Return the data below unchanged. Drop any pictures.

» **DATASET EXCERPT**:
|---|
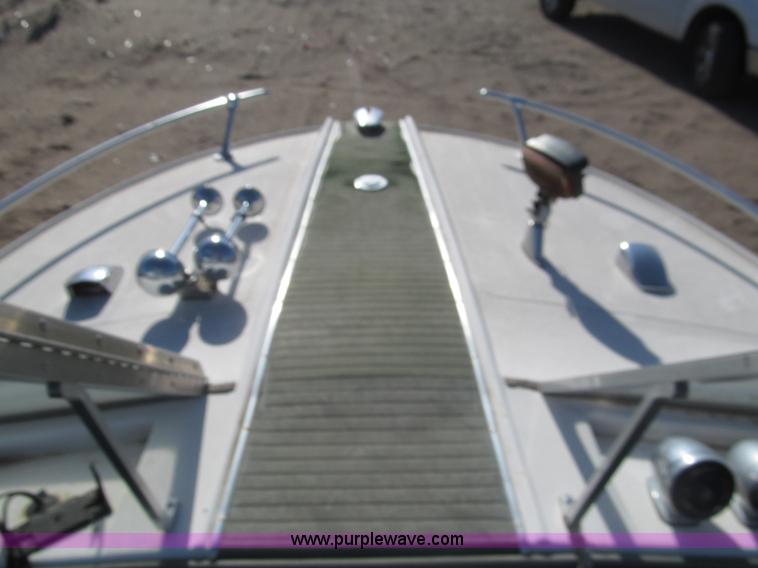 image for item I7123 1969 Mark Twain 17'L boat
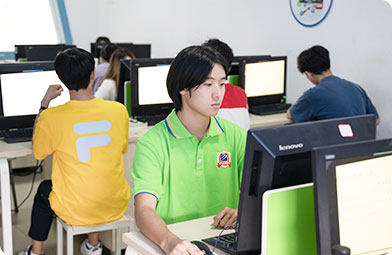 四川新华电脑学院VR虚拟现实体验厅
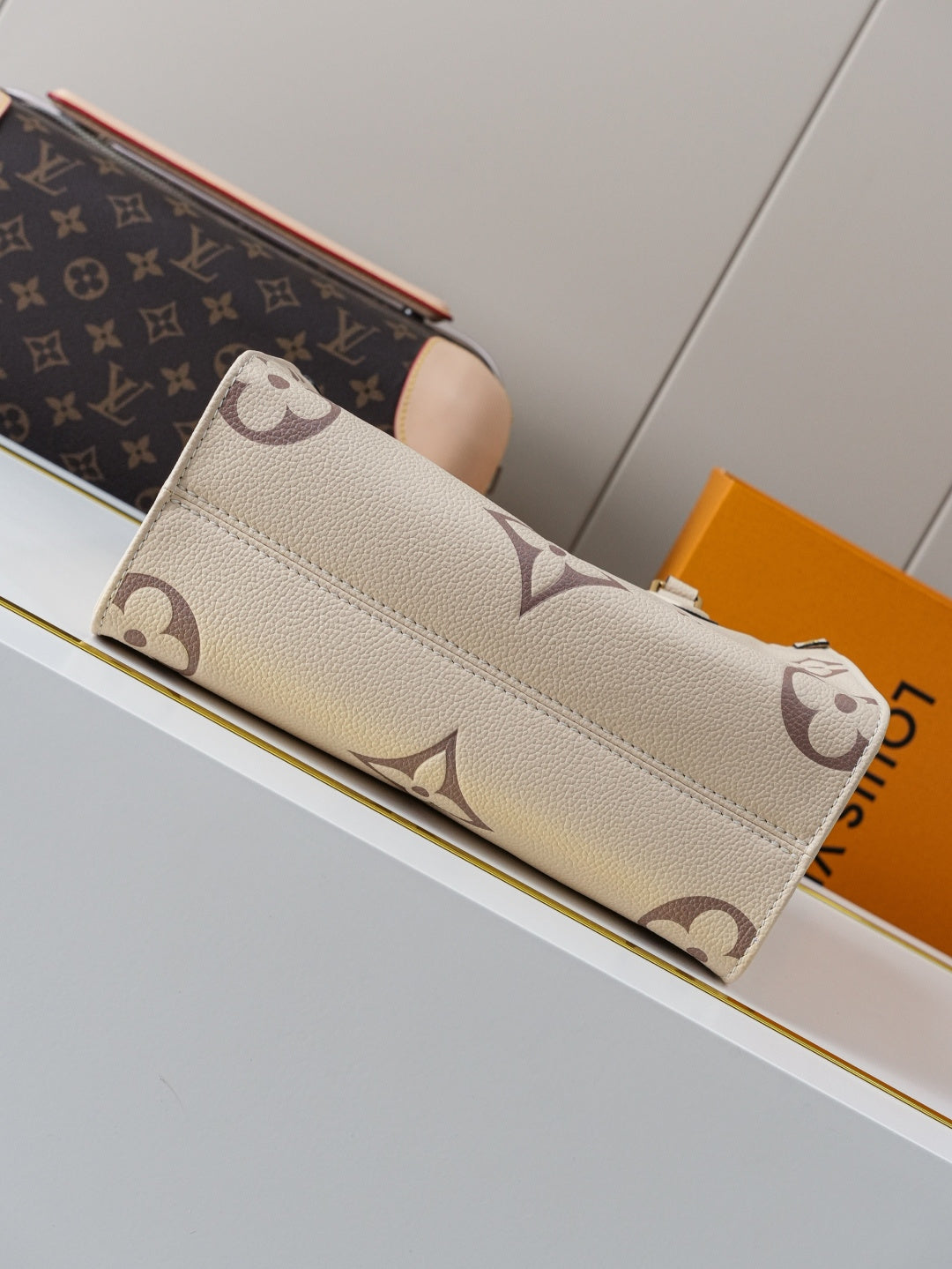 Top-tier Authentic-Grade Quality handbag  Size：25.0 x 19.0 x 11.5 cm
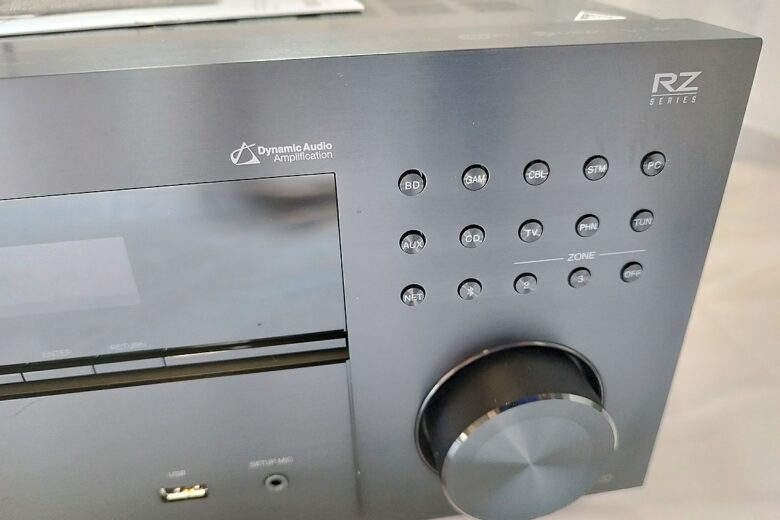 Zoom sur le panneau avant droit de l'ampli home-cinéma Onkyo TX-RZ30, mettant en valeur la molette de sélection et l'accès rapide aux sources.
|---|
» **YOUR SOLUTION**:
 image for item I7123 1969 Mark Twain 17'L boat
 四川新华电脑学院VR虚拟现实体验厅
 Top-tier Authentic-Grade Quality handbag  Size：25.0 x 19.0 x 11.5 cm
 Zoom sur le panneau avant droit de l'ampli home-cinéma Onkyo TX-RZ30, mettant en valeur la molette de sélection et l'accès rapide aux sources.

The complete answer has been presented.